**DATASET RECORDS**.

......

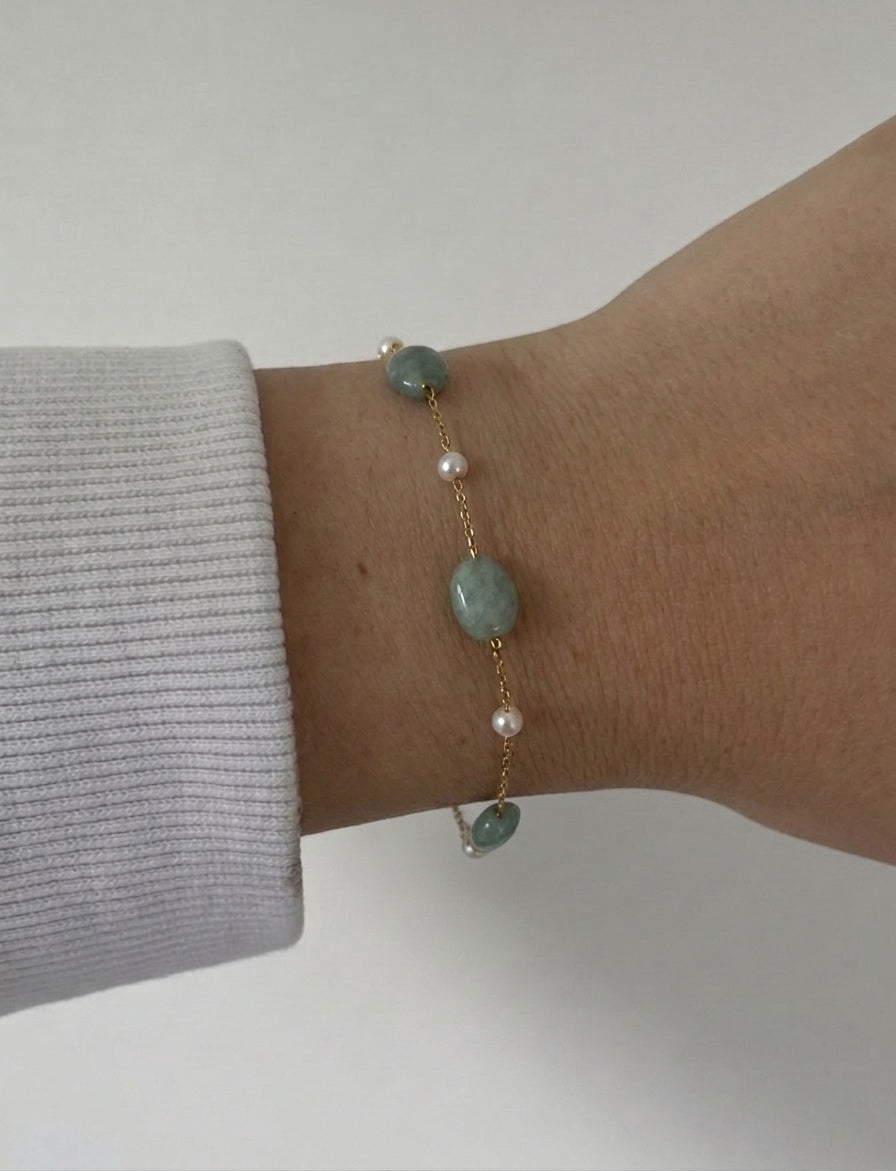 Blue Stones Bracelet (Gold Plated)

......

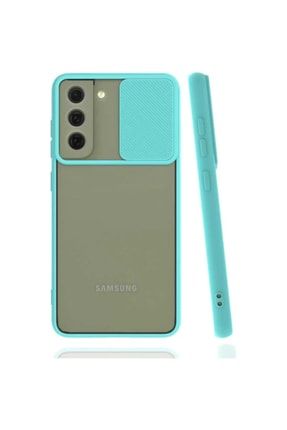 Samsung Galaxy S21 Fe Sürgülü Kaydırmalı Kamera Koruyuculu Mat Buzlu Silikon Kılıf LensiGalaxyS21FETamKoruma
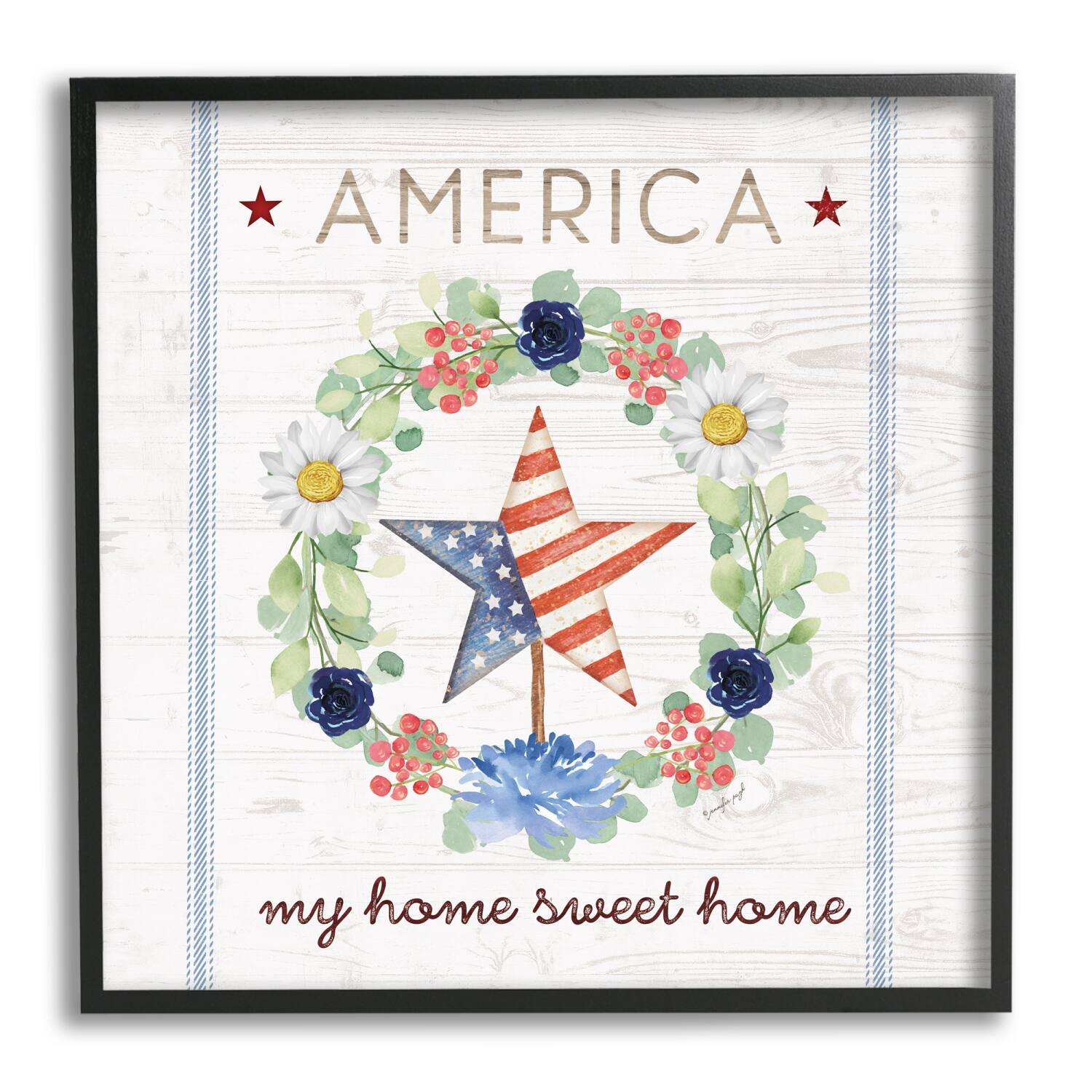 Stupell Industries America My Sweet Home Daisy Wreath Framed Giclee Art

......

**WHAT YOU WILL DO**. Copy the entries above exactly, but only the stretch from the line containing "Samsung Galaxy S21" through the line containing "Stupell Industries America". Keep both end lines; drop the pictures.

**EXPECTED ANSWER**.
 Samsung Galaxy S21 Fe Sürgülü Kaydırmalı Kamera Koruyuculu Mat Buzlu Silikon Kılıf LensiGalaxyS21FETamKoruma
 Stupell Industries America My Sweet Home Daisy Wreath Framed Giclee Art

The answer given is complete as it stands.